# Question for the horse people



## maggiesmommy (Feb 23, 2010)

My mom was telling me about my brother's fiancee who just brought her horse from Minnesota to live on their farm in Colorado. Basically, my mom told me that they just turned the horse out into the pasture and that's it...they don't brush her, they don't give her any grain/feed/hay...she just grazes on prairie grass, they don't ride her/handle her at all...she's just in the pasture by herself. I have never had a horse, but when I worked at a rescue, we had a mini horse and were required to feed her grain, brush her, etc every day. So, my question is...is this normal to do? I don't see why they would have a horse if they don't interact with it, but, my experience is with dogs, cats, pocket pets, etc. (I even give my fish steamed broccoli and fresh lettuce to entertain them)


----------



## Megora (Jun 7, 2010)

Depending on the situation (how much grass is out there for her to eat), I would consider that neglect. 

Interaction is one thing, but I would be concerned about the horse getting enough food, as well as basic care.

The other thing too... because horses are pack animals, they like to have company. I would feel bad for a horse that is by herself 24/7. My guy is always turned out with a pasture buddy. He can be turned out for a short time by himself, but he generally comes up to run the fence if alone.


----------



## Elisabeth Kazup (Aug 23, 2008)

Well, it wouldn't be what I would do but if the horse is happy (not frantic for company) and not skinny then it's okay.
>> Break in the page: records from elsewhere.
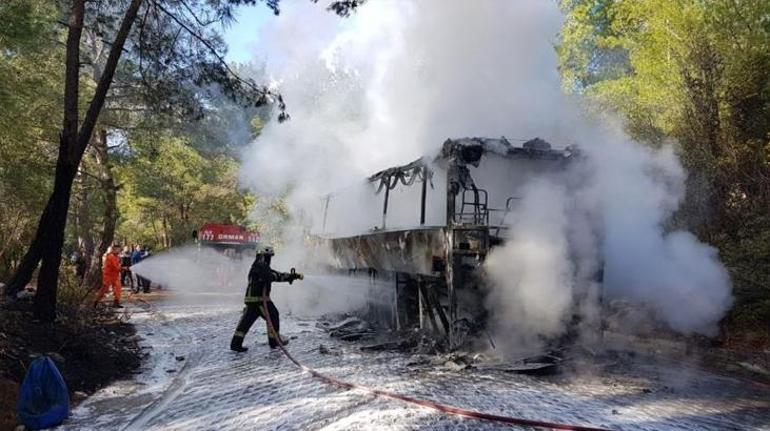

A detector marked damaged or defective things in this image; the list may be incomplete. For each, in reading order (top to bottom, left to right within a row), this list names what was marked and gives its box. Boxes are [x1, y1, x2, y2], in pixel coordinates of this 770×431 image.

burned bus [308, 138, 580, 348]
destroyed vehicle [312, 137, 592, 350] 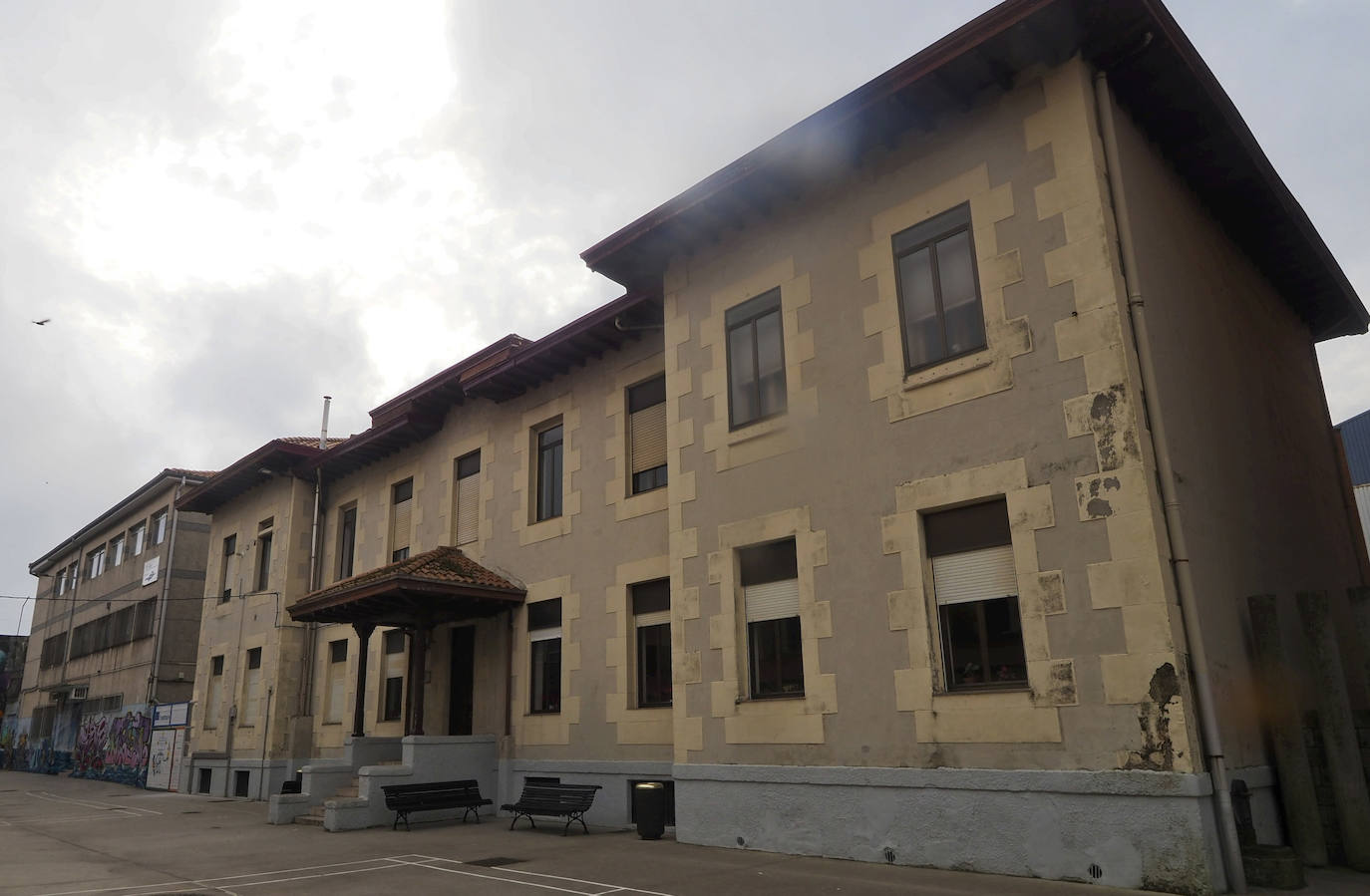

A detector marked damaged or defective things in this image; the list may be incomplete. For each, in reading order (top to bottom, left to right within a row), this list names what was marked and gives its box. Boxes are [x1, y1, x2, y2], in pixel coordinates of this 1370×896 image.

damaged plaster patch [1123, 663, 1178, 777] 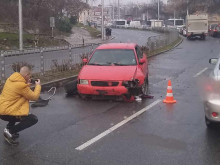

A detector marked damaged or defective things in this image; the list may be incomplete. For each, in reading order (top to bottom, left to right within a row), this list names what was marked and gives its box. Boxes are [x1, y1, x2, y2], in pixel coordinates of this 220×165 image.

red damaged car [77, 42, 148, 100] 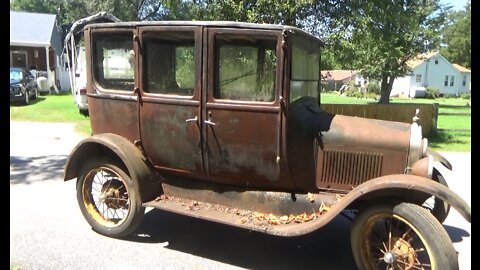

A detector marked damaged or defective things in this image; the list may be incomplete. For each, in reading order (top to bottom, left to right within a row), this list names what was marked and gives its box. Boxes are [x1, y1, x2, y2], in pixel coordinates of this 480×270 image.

rusty car door [139, 25, 206, 177]
rusty car door [203, 28, 284, 186]
rusty car body [62, 21, 468, 270] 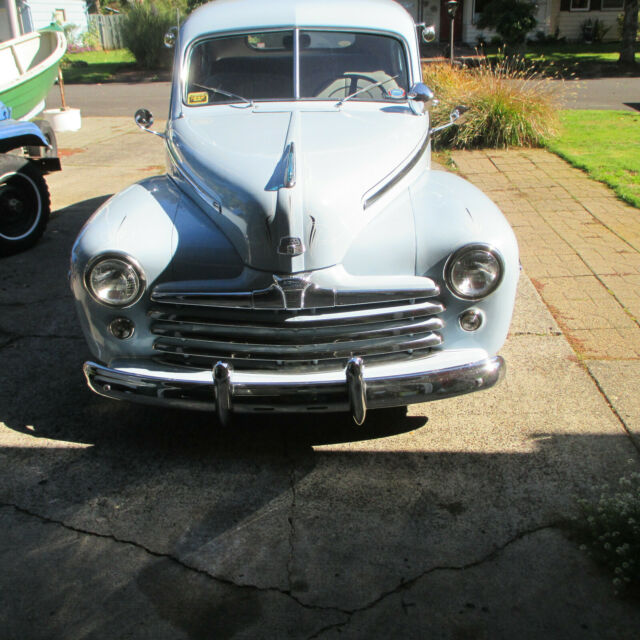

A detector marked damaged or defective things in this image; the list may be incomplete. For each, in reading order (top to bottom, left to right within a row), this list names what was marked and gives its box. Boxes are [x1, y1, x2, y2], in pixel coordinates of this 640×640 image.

crack in pavement [0, 502, 350, 616]
crack in pavement [304, 524, 564, 636] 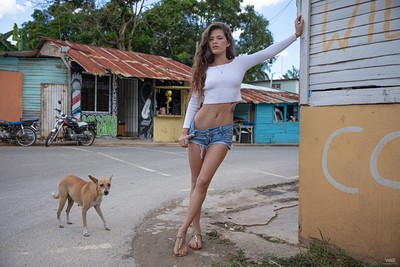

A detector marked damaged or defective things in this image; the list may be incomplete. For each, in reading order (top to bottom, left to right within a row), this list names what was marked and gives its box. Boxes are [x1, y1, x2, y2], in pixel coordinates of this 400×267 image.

rusty corrugated metal roof [38, 37, 192, 81]
rusty corrugated metal roof [239, 84, 298, 104] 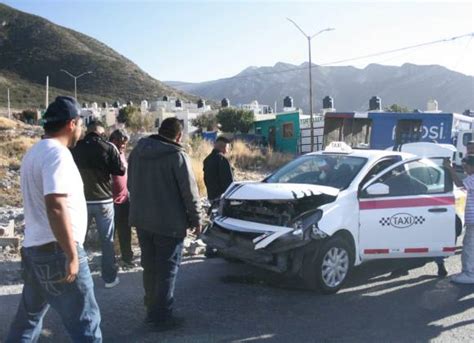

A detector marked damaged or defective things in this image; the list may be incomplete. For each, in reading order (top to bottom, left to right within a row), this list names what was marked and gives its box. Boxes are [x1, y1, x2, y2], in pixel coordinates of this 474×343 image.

crumpled car hood [225, 183, 338, 202]
broken front bumper [202, 216, 312, 272]
damaged front end of taxi [202, 184, 338, 276] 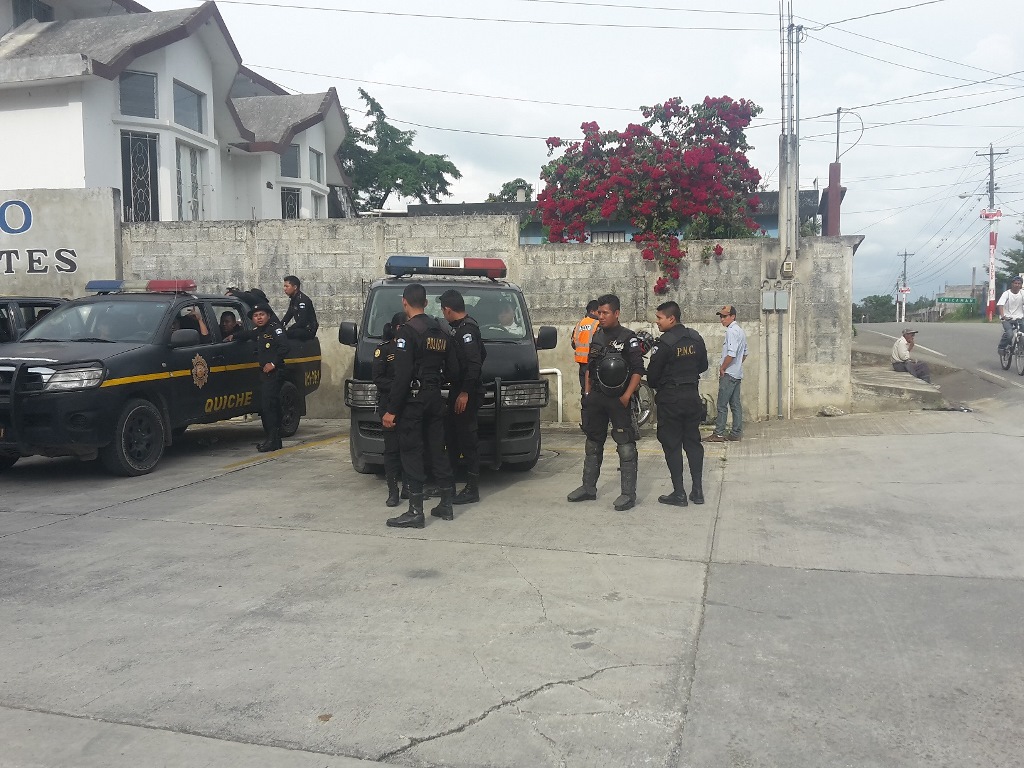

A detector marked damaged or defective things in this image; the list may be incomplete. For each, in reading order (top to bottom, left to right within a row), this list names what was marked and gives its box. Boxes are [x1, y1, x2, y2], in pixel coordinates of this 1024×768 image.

We don't brush every day. We feed twice a day because we have to monitor their food. And we have to keep them OFF the pasture for 18-20 hours a day. If we turned them out, they'd be way too fat.


----------



## sabrinamae12 (Mar 22, 2013)

Grain is not always needed, depending on the horse and how much work it does. My palomino mare needs grain year round since it's hard to keep weight on her, and most performance horses need grain. But many pasture pets just don't need the extra calories to maintain weight. Our paint mare can eat grass through the summer and hay in the winter and be fat all year without grain. In Ohio, we do have to supplement hay in the winter due to the snow. As far as attention and brushing, the brushing should be done, and feet should be checked regularly to make sure there aren't any issues. But mine are all happy to spend a full day at pasture in the summer and refuse to come in unless it's hot or storming. As long as there is adequate shelter, a clean water source, the horse is current on vaccinations, and is handled enough not to become feral, they're very self sufficient critters. Much different than most domestic animals, that's for sure. We don't interact with ours as much as we should, but they're pretty to look at and very therapeutic. I wouldn't say their situation is "normal," but their horse may also be happy as a clam with all that grass. I've seen horses pastured on dirt or in a forest, and to me that's worse than an open field. But it's hard to say anything for sure without all the facts. 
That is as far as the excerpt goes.